Although a painting may be patentable as a design, if the owner elects to copyright, he must protect his copyright by repeating the statutory notice on every reproduction thereof.
191 F. 35 affirmed.
The facts, which involve the construction of the copyright law as to the statutory notice of copyright upon reproductions of paintings, are stated in the opinion.
MR. JUSTICE HOLMES delivered the opinion of the Court.
This is a bill to restrain an alleged infringement of a copyright under the law as it was before the Act of March 4, 1909, viz., Rev.Stat. §§ 4952, 4970; Act of June 18, 1874, c. 301, 18 Stat. 78. The work alleged to be infringed was described as a painting representing
sprigs of holly, mistletoe, and spruce arranged in the form of an open cluster having substantially the outline of a square. It was exhibited in court, was a water color painting in fact, and no doubt might have been framed and used for the same purposes of pleasure as other more considerable works of art. But it was so designed that it could be reproduced in repetitions that fitted and continued one another side by side and above and below, and was reproduced in that way with twelve repetitions upon strips of paper having much the look of wall paper, and intended to be used in covering or wrapping boxes during the holiday season. Each strip bore a single notice of copyright. The circuit court, assuming that infringement was established, was of opinion that the work was a painting, capable of copyright, and also a design, patentable as such, but held that, as the appellant had elected to copyright, the notice must be repeated on each of the twelve squares, although they did not present themselves as separate squares on the continuous strip. 182 F. 150. The circuit court of appeals, reserving its opinion as to whether the sphere of copyright and patent for design overlapped, agreed with the circuit court that, if this was a painting, every reproduction of it must bear the statutory notice, and affirmed the dismissal of the bill. 191 F. 35.

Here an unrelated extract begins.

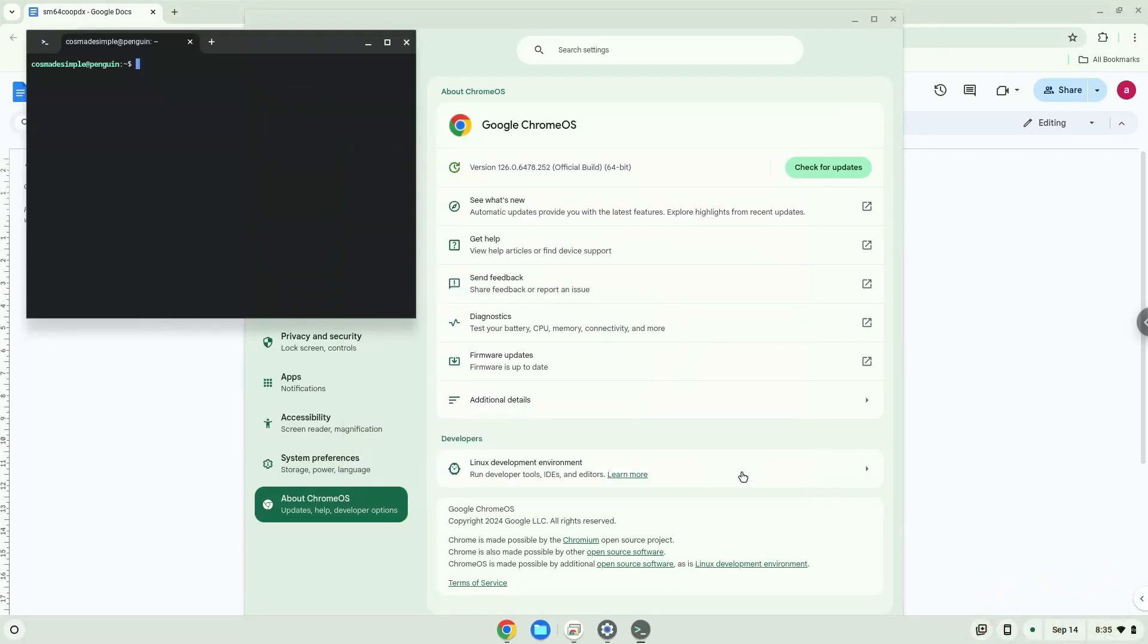Now that we have enabled Linux apps on our system, we will continue to the next step, which is to run several commands in a terminal which will install the application. All the commands are in the video description.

It seems to us that the case is disposed of by the statement. The thing protected, and the only thing, was the painting, the whole of which was reproduced in a single square. Every reproduction of a copyrighted work must bear the statutory notice. American Tobacco Co. v. Werckmeister,207 U. S. 284, 207 U. S. 294. It is suggested that it is overtechnical to require a repetition of the notice upon every square in a single sheet that makes a harmonious whole. This argument tacitly assumes that we can look to such larger unity as the sheet possesses. But that unity is only the unity of a design that is not patented.
The protected object does not gain more extensive privileges by being repeated several times upon one sheet of paper, as anyone would recognize if it were the Gioconda. The appellant is claiming the same rights as if this work were one of the masterpieces of the world, and he must take them with the same limitations that would apply to a portrait, a Holy Family, or a scene of war.